I'll have to ask my husband what is it call but not in kansas......i had this conversation with my husband last week end when he was bow hunting and took a shot at a buck on a WHA, watched it as it went down the fence line and then cross the road and in to a wheat field...turns out my husband missed on his shot but asked him if he did shot could he go and get it...he said yes only if dragged out then gutted???? but for the life of me i can't remember what he called it when doing it.
normally we ask permision to enter any ones property to either when hunting or if one of our live stock get out.


----------



## Alwaysbehind

NYS is obviously very different than Kansas.

I got this from Here



> *Question: If I shoot a deer and it runs onto posted property, do I have the legal right to go on the property to retrieve it?
> Answer*: No. the DEC recommends that hunters finding themselves in this predicament seek out the landowner, explain the situation, and ask permission.
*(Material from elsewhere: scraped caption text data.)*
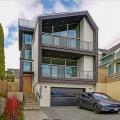 Dwell Development built this custom spec home in the marine climate in Seattle, WA, and certified it to DOE Zero Energy Ready Home specifications in 2021.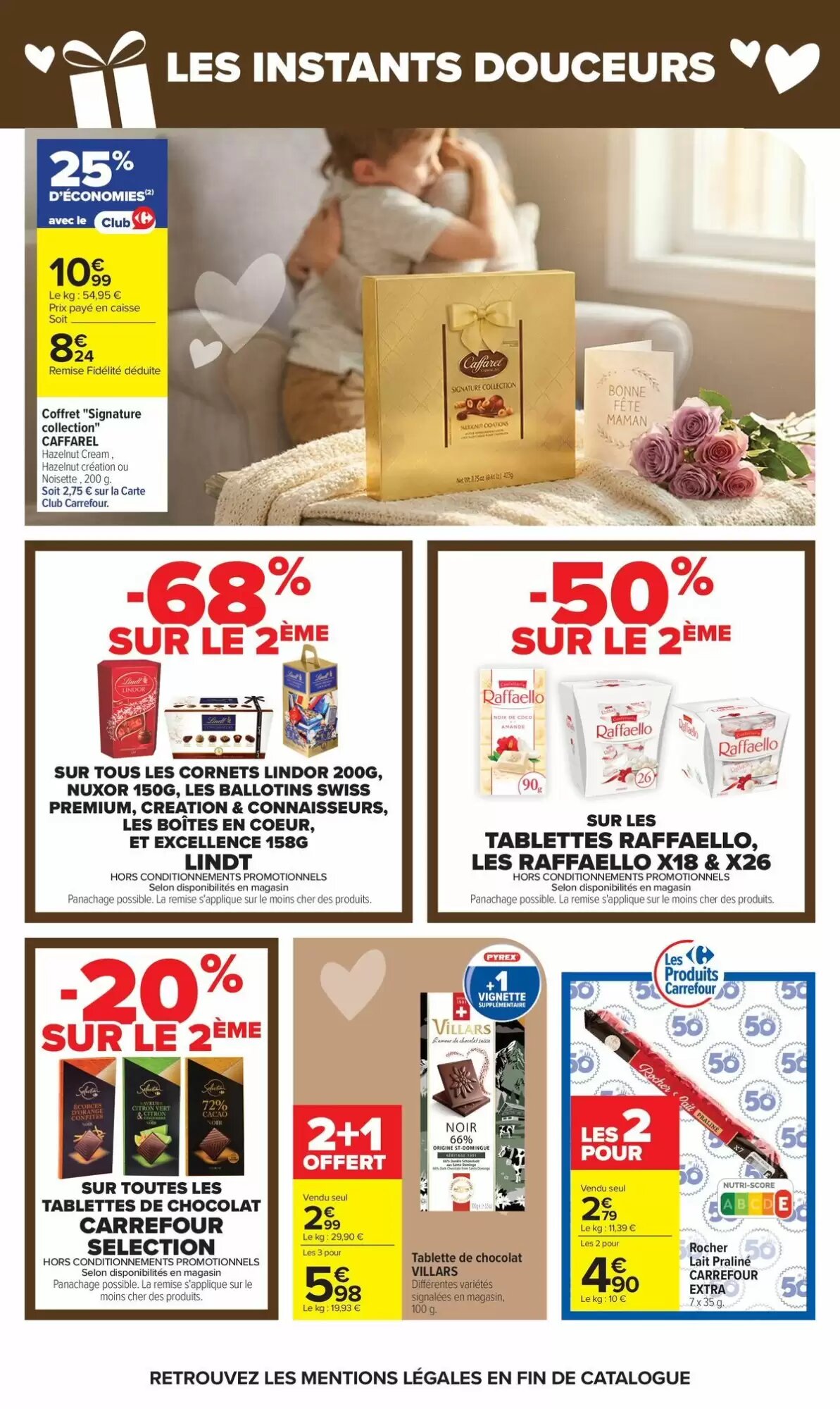 Prospectus promotionnel Carrefour valable à partir du 19/05/2026 - Page 50.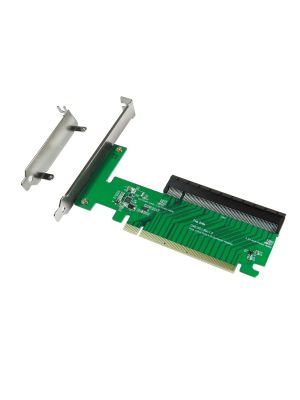 PCIe X16 Golden Edge to PCIe X16 Slot Adapter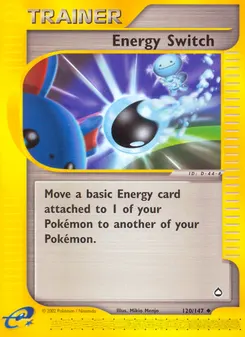 Energy Switch #120, Reverse Foil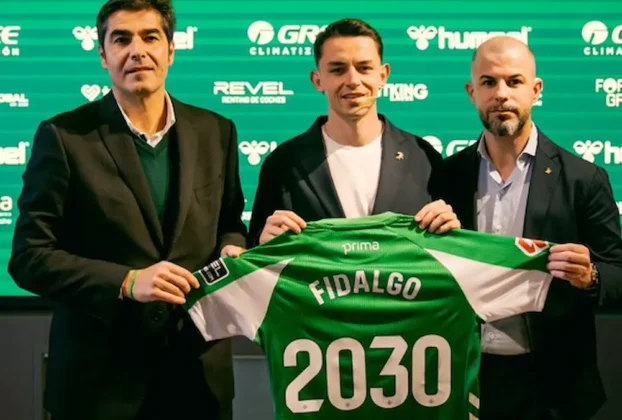 Fidalgo presentado por el Betis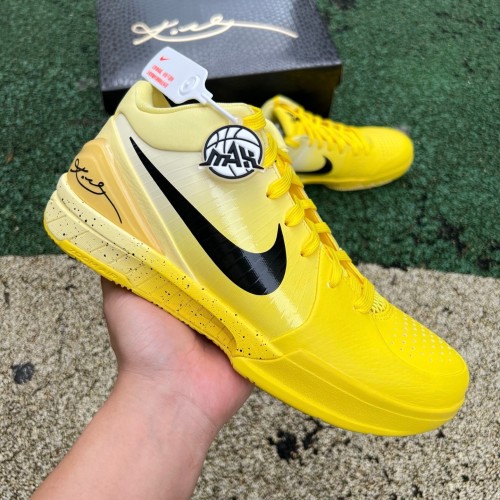 Authentic  Kobe 4 Protro CHBL
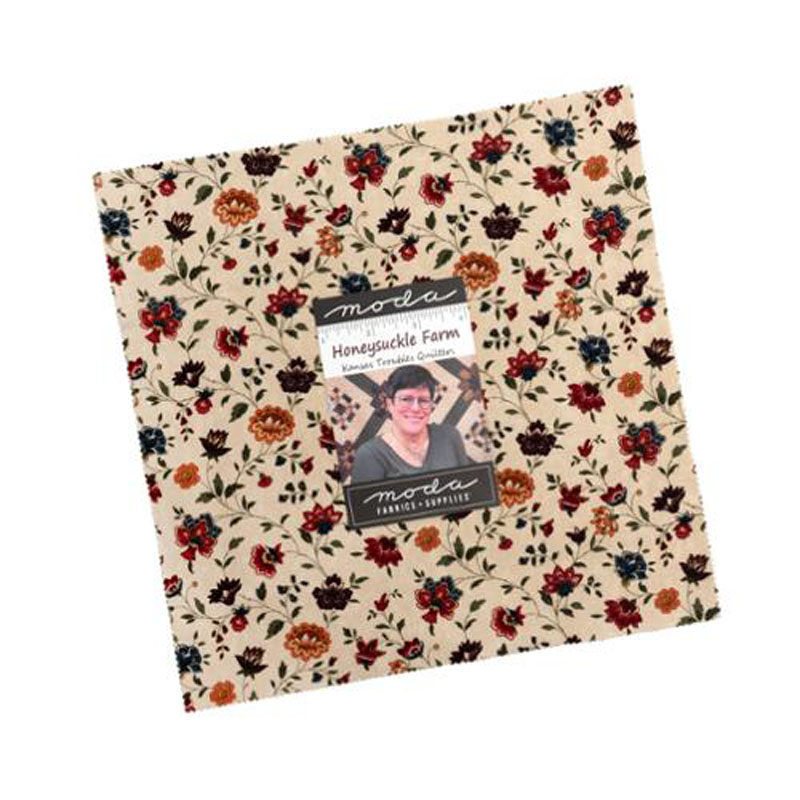 Honeysuckle Farm Layer Cakes By Moda - Packs Of 4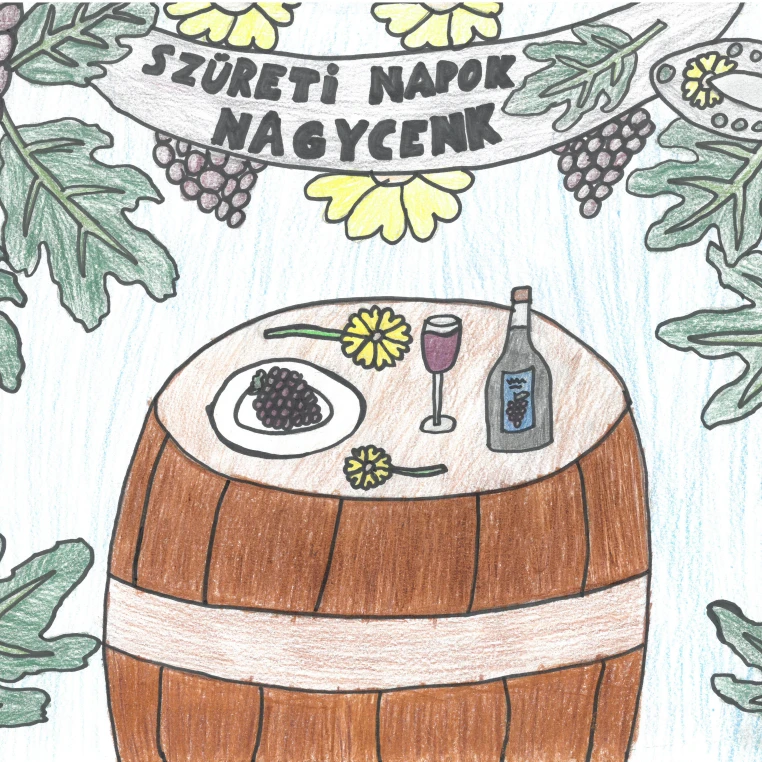Rajzpályázat Nagycenken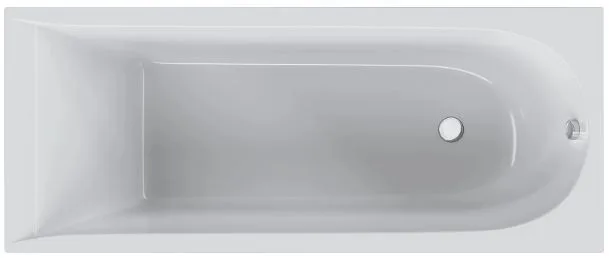 Акриловая ванна AM.PM Spirit V2.0 W72A-180-080W-A2 без опоры 180x80 см, пристенная, белая Sancos — официальный сайт
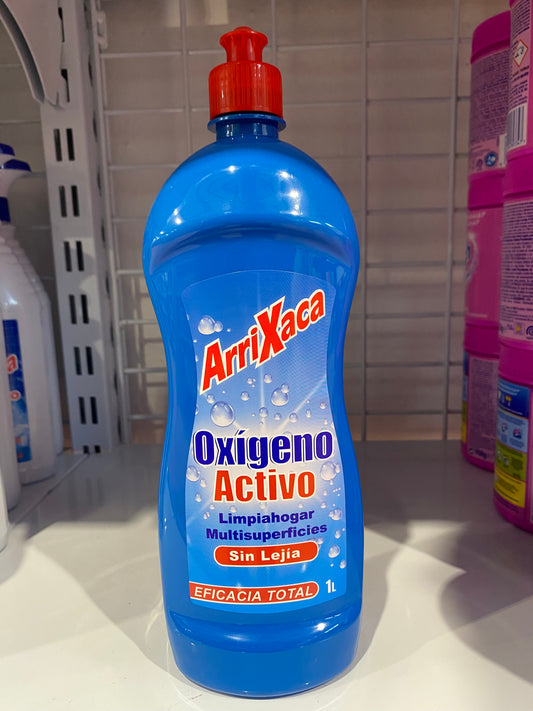 Caja Oxígeno Activo líquido 1L Arrixaca 12uds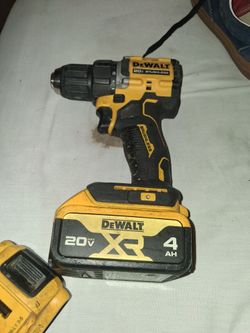 Dewalt atomic 1/2 drill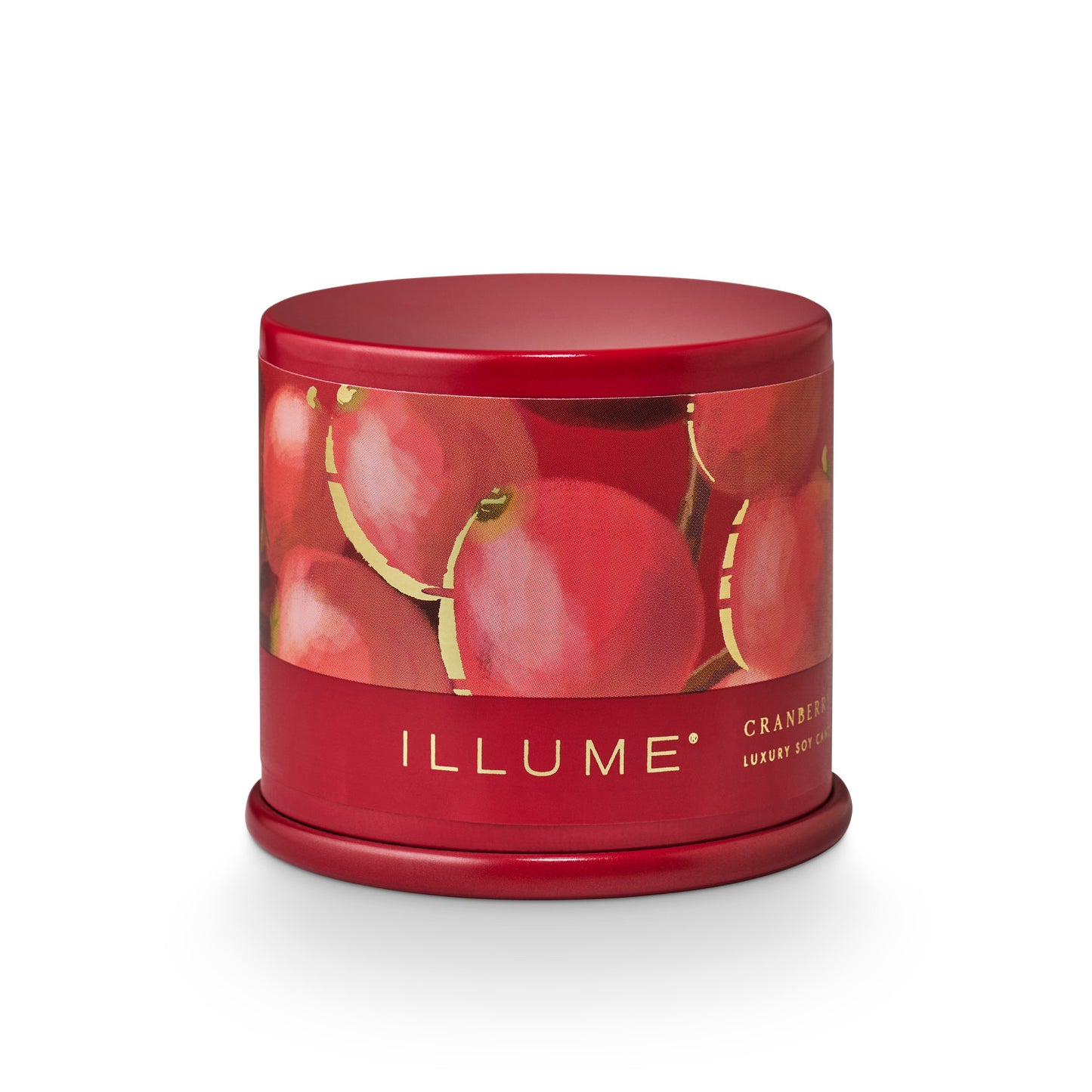 Candle - Cranberry Currant Demi Vanity Tin - Findlay Rowe Designs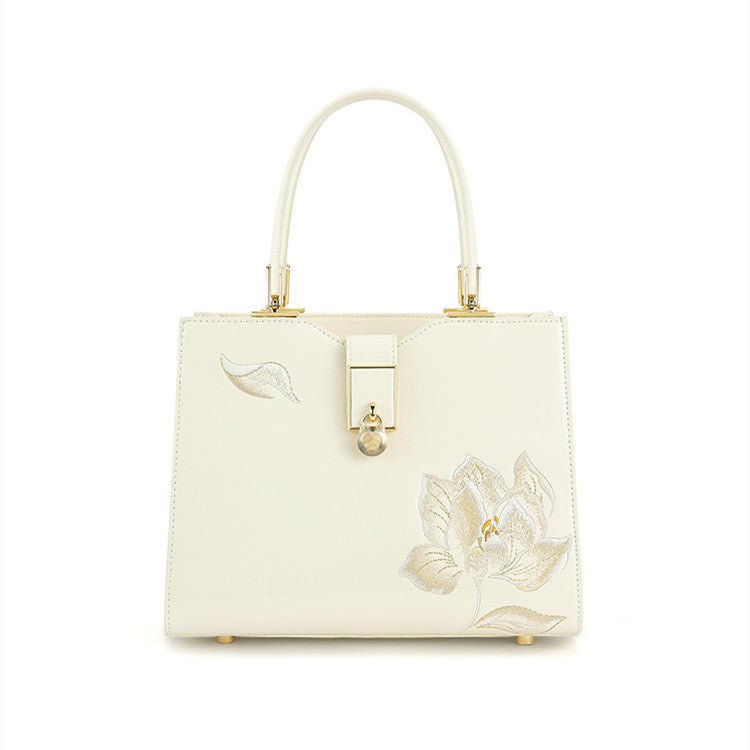 LovelyRLovely LovelyRLovely Luxury Chinese Style Handb Beige / Gift bag LovelyRLovely Luxury Chinese Style Handbag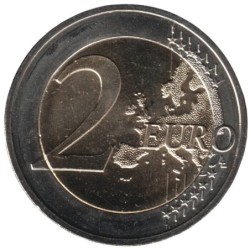 ALLEMAGNE - 2 euros commémorative - Brandebourg - Palais Sanssouci - 2020 F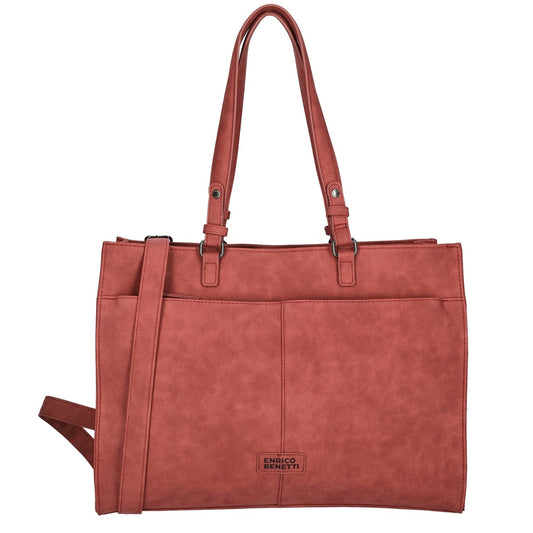 Enrico Benetti Kensi Shopper 15" red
If the landowner refuses, the hunter will not be able to enter the property, and the DEC cannot compel a landowner to grant access. If the hunter has reason to believe that the landowner intends to illegally possess the deer, it should be reported to the nearest Environmental Conservation Officer. This situation illustrates the need for hunters to establish good landowner relations prior to going afield, and to take only good clean kill shots when hunting for any game.


The Kansas regulations can be found Here

I see one huge difference, in Kansas you are allowed to bait dear and other wildlife to hunt them.

Here is a nice resource about trespass and it happens to state the fact the in Kansas a hunter can go on private land to retrieve their wounded animal unless told to leave.

Interesting stuff how different things are from state to state.


----------



## KANSAS_TWISTER

yes laws are diffrents from state to state....i'm olny going by what my husband tells me


----------



## mls

I agree with WickNag and Alwaysbehind.

OP - stop and think. Did you hear the shot? If not - and I doubt you did or there would be more drama to your story - it proves the deer was shot elsewhere and being tracked. It really sucks to shoot a deer at dusk and have it keep going. When that happens, we typically contact the rest of the party to help track so the poor thing doesn't suffer. Our hunting party is typically teens to grand parents . . .


----------



## equiniphile

My mom said she heard a shot but it was 20 or so minutes before we found the deer.


----------



## Alwaysbehind

Which makes sense. 

Just so you know in the future, it is not like they show on TV. The deer gets shot and then the deer runs off, bleeding along the way. Sometimes bleeding a lot, sometimes not bleeding much at all.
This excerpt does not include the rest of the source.